Stories submitted by the Giraud-Carrier family

Levi Savage

“Ascended Rocky Ridge. It was a severe day. The wind blew awful hard and cold. The ascent was some five miles long in places, steep, and covered with deep snow. We became weary and sat down to rest, and some became chilled and commenced to freeze. I returned to camp and found men, women and children, sitting and shivering with cold, around their small fires. Two teams started to bring up the rear, just before daylight, with dying and some dead. It was certainly heartrending to hear children crying for their mothers, and mothers crying for their children.”

 

Levi Savage, Journal. Typescript, Utah State University, Logan, Utah.

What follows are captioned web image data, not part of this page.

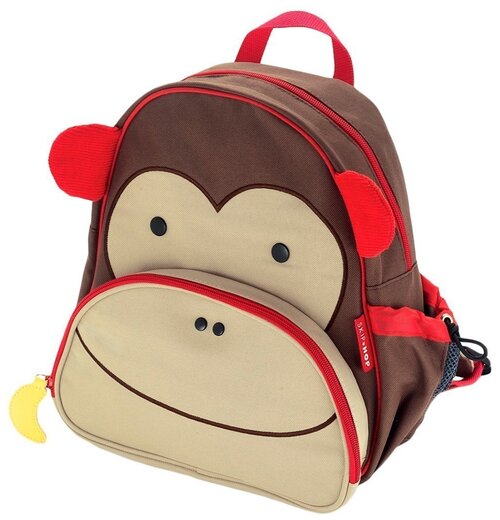 SKIP HOP Рюкзак Zoo Monkey SH 210203, коричневый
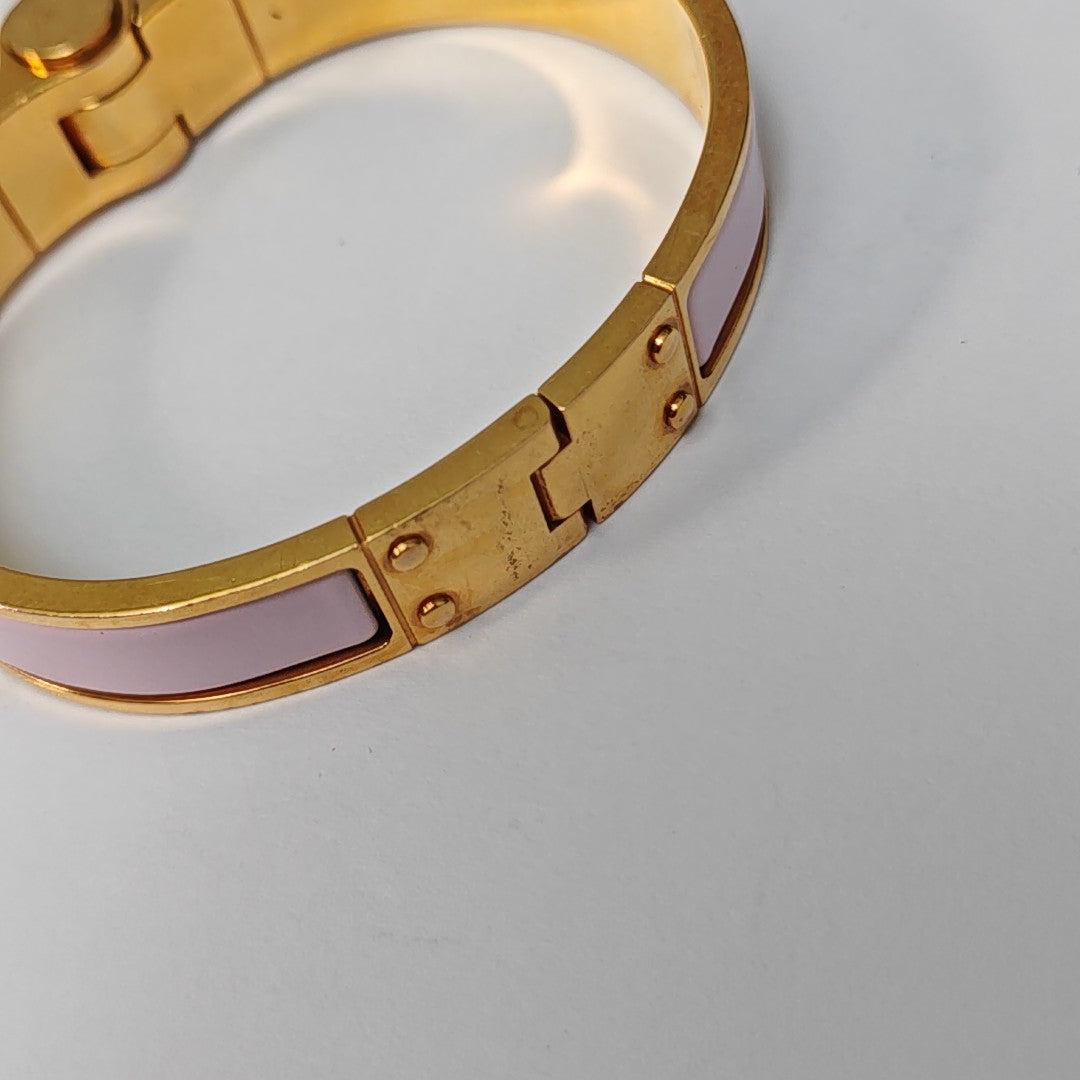 Metal Gold Bangle
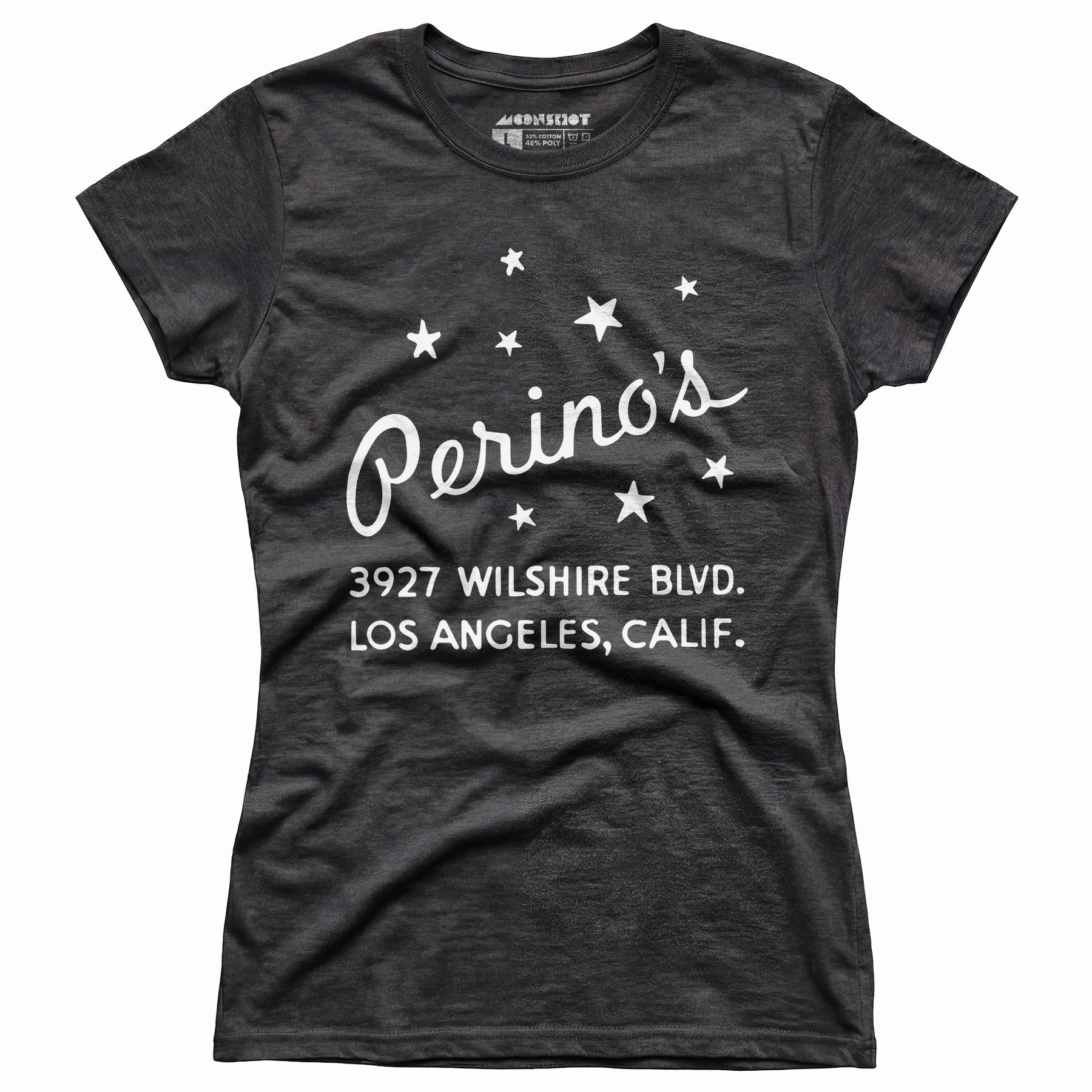 Perino's - Los Angeles, CA - Vintage Restaurant - Women's T-Shirt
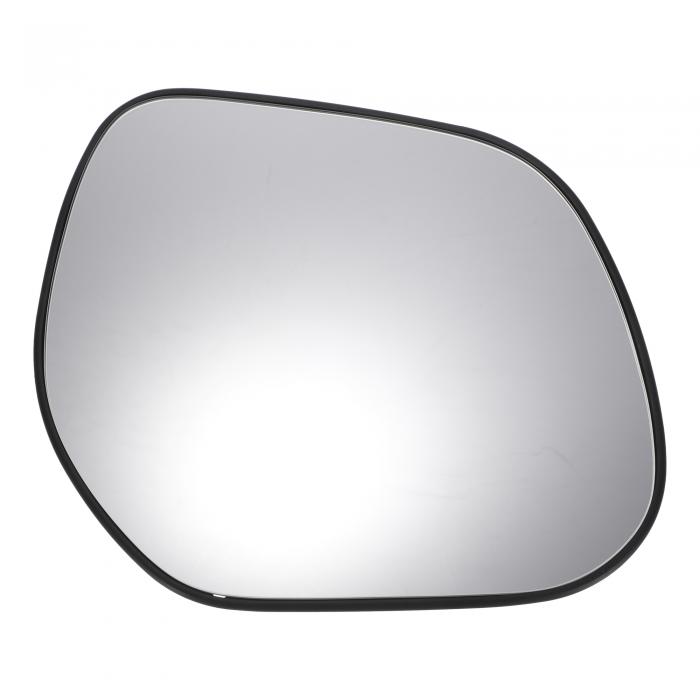 X AUTOHAUX Citroenに対応Cクロッサー2007-2012用の右側後部乗客側ミラーガラス交換品バッキングプレートヒーター付きホワイトガラス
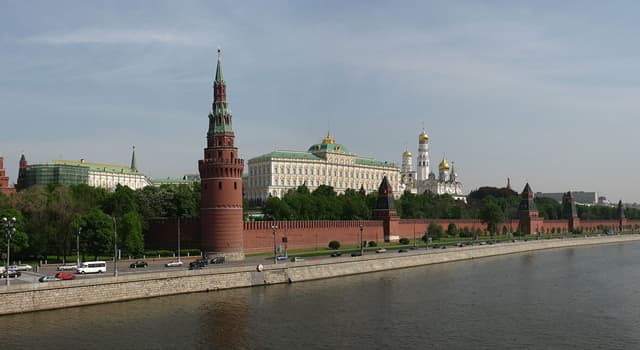 Aardrijkskunde Trivia Vraag: In welke stad ligt het Kremlin?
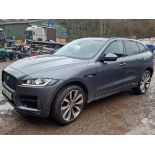 16/66 JAGUAR F-PACE R-SPORT AWD D AUTO - 1999cc 5dr Estate (Grey, 130k)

Patience Loader Rozsa Archer

Patience Loader, a member of the Martin handcart company, recorded this description of an English family in her company in late October:

“I remember well poor Brother Blair. He was a fine, tall man, had been one of Queen Victoria’s life guards in London. He had a wife and four children. He made a cover for his cart and but his four children on the cart. He pulled his cart alone, his wife helped by pushing behind. The poor man was so weak and worn down that he fell several times that day but still he kept his dear little children on the cart all day. This man had so much love for his wife and children that instead of eating his morsel of food himself he would give it to his children. Poor man, he pulled the cart as long as he could, then he died and his wife and children had to do the best they could without his help. The children got frozen. Some parts of their bodies were all sores, but they got to Salt Lake City alive.”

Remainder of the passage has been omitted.